=== Exercise data ===
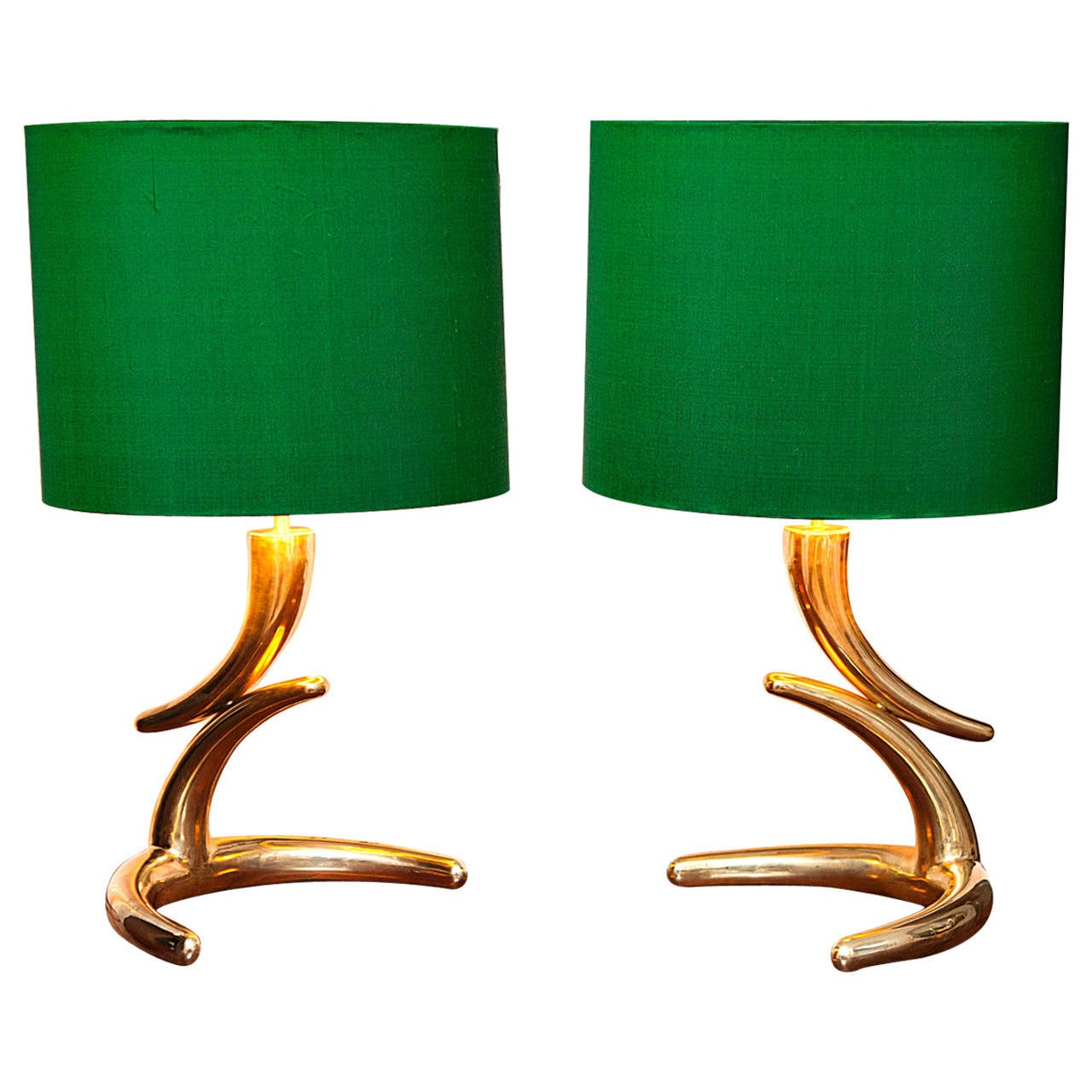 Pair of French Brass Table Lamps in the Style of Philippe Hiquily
===
=== Exercise data ===
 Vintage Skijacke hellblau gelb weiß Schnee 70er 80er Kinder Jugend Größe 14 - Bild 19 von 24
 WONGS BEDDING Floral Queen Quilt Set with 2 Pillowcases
===
What is being asked: In the material above, transcribe exactly the lines beginning at the one with "Vintage Skijacke hellblau" and ending at the one with "WONGS BEDDING Floral", both included.

Response box:
 Vintage Skijacke hellblau gelb weiß Schnee 70er 80er Kinder Jugend Größe 14 - Bild 19 von 24
 WONGS BEDDING Floral Queen Quilt Set with 2 Pillowcases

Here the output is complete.